À la fin du XIXe siècle, l’influent Ferdinand Brunetière, directeur de la Revue des deux mondes, publia un article retentissant dans lequel il évoquait la faillite de la science (1). Son argument était que la science n’avait pas tenu ses promesses. Certes, la physique et la chimie avaient beaucoup progressé, les trains roulaient de plus en plus vite et la médecine se montrait de plus en plus efficace. Mais la science n’avait pas rendu les hommes meilleurs, eu d’effet bénéfique en politique, résolu les grands mystères de la nature ni révélé les destinées de l’humanité. Le propos fit scandale aux yeux de tous ceux, nombreux à l’époque, qui voyaient dans la science la source unique de toute connaissance et de tout progrès. Aussi une riposte énergique fut-elle organisée. Notamment, l’un des plus célèbres savants de l’époque, le chimiste Marcelin Berthelot, répondit directement à F. Brunetière que « le triomphe universel de la science arrivera à assurer aux hommes le maximum de bonheur et de moralité ».
Plus d’un siècle après, ce débat fin de siècle apparaît quelque peu désuet. Plus personne, ou presque, ne voit dans la science la panacée universelle, même si elle reste auréolée d’un très fort prestige. Les scientifiques promettent moins ; du coup, les déceptions sont moins fortes. Tout au long du xxe siècle, des critiques de la science n’ont pas pour autant cessé d’apparaître. La plus radicale, formulée par certains historiens, philosophes et sociologues, est certainement que la science ne serait pas l’entreprise rationnelle qu’elle se prétend et n’offrirait pas nécessairement la meilleure description du monde. Cette critique, plus ou moins relativiste selon le cas, a, comme celle de F. Brunetière, un parfum de scandale.
Coups de force et croyances
Pas étonnant donc qu’elle soit massivement rejetée par la communauté scientifique et qu’elle se retrouve, à son tour, accusée de mettre en danger les valeurs de rationalité sur lesquelles sont censées se fonder nos sociétés modernes. Mais, entre les chantres et les dénigreurs de la science, faut-il vraiment choisir son camp, comme le faisaient F. Brunetière et M. Berthelot ? La science est-elle une discipline à ce point unifiée et bien définie que l’on peut être, d’un seul tenant, pour ou contre ?
Débattre de la science se révèle toujours délicat tant il en existe de multiples représentations.

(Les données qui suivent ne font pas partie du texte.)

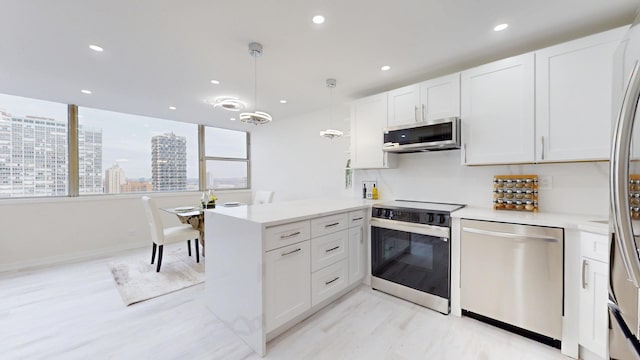 kitchen with white cabinets, light countertops, stainless steel appliances, decorative light fixtures, and a peninsula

Par exemple, dans la première moitié du xxe siècle, Max Planck, prix Nobel de physique (1918), sans être un contempteur de la science, avait offert une vision quelque peu désabusée du progrès scientifique : « Une vérité nouvelle, en science, écrivait-il, n’arrive jamais à triompher en convainquant les adversaires et en les amenant à voir la lumière, mais plutôt parce que finalement ces adversaires meurent et qu’une nouvelle génération grandit, à qui cette vérité est familière (2). »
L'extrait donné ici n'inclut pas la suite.